Spencer, Washington was hardly ever a town. The name may have been around since the 1880s, but the Post Office was only there from 1911 to 1918. A hotel was also there at the time and probably lasted into the late 20s or early 30s.

 

Not much seems to be remembered about Spencer.

 

But for some reason, this lost ghost town (all buildings and traces of the place are gone), has captivated me. I've spend hours pouring over old maps, searching for references to it and trying my best to figure out not only what it was but exactly <em>where</em> it was.

 

Spencer is somewhere in Moses Coulee, a canyon along US Route 2, about 20 miles east of Waterville in central Washington. No rail service ever graced this town. There was never a service station (that we know of) or a place to grab a bite to eat. But there was a post office and a hotel.

 

Yesterday, we set about to find them.

 

We met up with Dave (a fellow roadie from the American Road Magazine forums) who is also fairly obsessed with Spencer. After a tour of Douglas County's fine museum and a fairly fruitless attempt at finding out more about the town (nobody seems to remember this place at all!), we all head out to the site.

 

Calder, Sarah, Dave and I tramped across the sage brush, trying to follow a road that has completely disappeared. A slightly later alignment of the Sunset Highway/Yellowstone Trail/US 2 is very accessible and open to traffic, but this old segment where Spencer lived is completely gone. Even traces of the road were impossible to find.

 

Thankfully Dave had programmed the plot points that he got from a small bit of map work that I did into his GPS. We followed that, even though we were pretty convinced we found a site. It had some oddly placed rocks and an old tree limb that Calder found (there are no trees out here - so that was suspicious).

 

The site turned out to be something (but impossible to say what).

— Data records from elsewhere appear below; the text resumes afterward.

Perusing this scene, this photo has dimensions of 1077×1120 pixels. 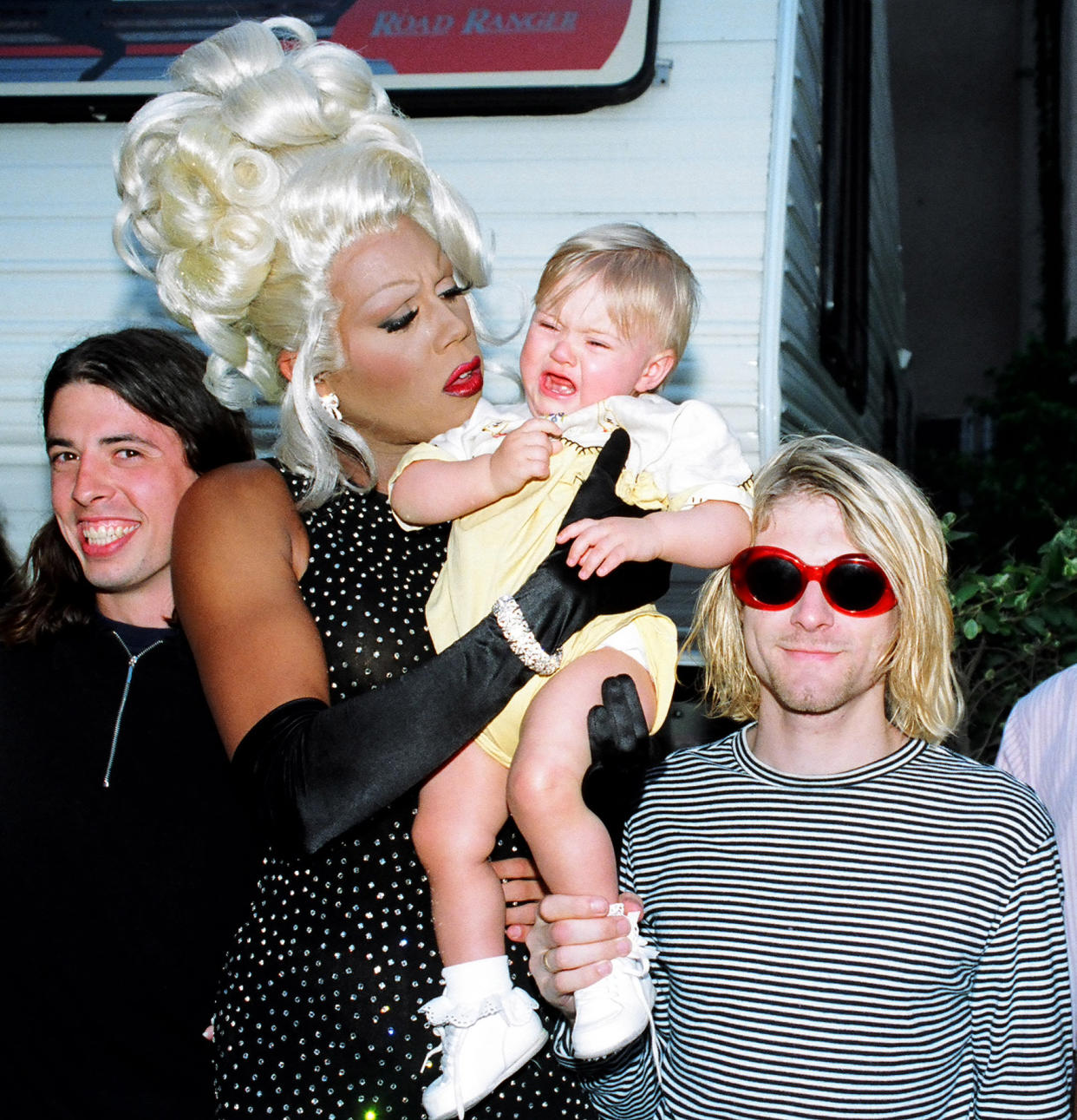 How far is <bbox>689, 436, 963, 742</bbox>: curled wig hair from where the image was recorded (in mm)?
2469

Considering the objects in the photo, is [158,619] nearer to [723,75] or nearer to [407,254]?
[407,254]

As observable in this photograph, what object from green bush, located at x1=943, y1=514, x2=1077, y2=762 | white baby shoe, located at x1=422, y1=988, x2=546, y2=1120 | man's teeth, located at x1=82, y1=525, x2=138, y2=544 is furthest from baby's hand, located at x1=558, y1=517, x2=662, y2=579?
green bush, located at x1=943, y1=514, x2=1077, y2=762

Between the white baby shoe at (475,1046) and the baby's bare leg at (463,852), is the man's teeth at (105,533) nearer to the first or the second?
the baby's bare leg at (463,852)

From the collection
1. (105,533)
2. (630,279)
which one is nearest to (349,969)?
(105,533)

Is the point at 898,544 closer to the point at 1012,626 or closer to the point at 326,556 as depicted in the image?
the point at 326,556

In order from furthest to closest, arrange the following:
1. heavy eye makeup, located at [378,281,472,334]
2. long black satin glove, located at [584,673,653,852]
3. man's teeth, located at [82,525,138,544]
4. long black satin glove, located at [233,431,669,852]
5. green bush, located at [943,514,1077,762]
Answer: green bush, located at [943,514,1077,762] < man's teeth, located at [82,525,138,544] < heavy eye makeup, located at [378,281,472,334] < long black satin glove, located at [584,673,653,852] < long black satin glove, located at [233,431,669,852]

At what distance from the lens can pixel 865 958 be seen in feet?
7.23

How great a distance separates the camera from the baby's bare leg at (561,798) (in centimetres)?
213

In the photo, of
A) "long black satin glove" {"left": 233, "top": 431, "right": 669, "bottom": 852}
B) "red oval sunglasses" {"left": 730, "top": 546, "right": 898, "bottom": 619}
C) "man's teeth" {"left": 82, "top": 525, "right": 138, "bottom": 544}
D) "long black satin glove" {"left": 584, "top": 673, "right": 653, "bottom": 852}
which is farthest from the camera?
"man's teeth" {"left": 82, "top": 525, "right": 138, "bottom": 544}

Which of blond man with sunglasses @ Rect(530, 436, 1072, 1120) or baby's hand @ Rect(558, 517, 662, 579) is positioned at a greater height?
baby's hand @ Rect(558, 517, 662, 579)

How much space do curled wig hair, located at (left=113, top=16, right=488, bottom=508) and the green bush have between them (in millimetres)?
2171

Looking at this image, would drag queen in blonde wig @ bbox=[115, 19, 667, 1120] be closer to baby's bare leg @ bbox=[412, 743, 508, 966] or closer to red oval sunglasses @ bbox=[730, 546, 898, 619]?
baby's bare leg @ bbox=[412, 743, 508, 966]

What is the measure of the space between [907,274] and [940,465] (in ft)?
28.2

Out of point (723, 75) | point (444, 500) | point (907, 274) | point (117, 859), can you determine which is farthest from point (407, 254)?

Still, we headed north, staying about .2 miles east of Jameson Lake Road and about double that distance north of US 2.

 

Looking at the 1915 map, I tried to line up the telephone poles and thought that we should head farther north. We pushed on, moving past where we thought it was.

 

Calder and Dave found a bit of metal from a can and I scurried off to find Sarah who found a clearing with no sage brush in it. Sarah's find turned out to probably just be a clearing (though why it was clear, I don't know). However, Dave found the motherload and we rushed back to check it out.

 

Dave's find proved to us that he had found the site. He picked up a bit of glazed ceramic China which read "HOTEL" on in. This was it. It had to be.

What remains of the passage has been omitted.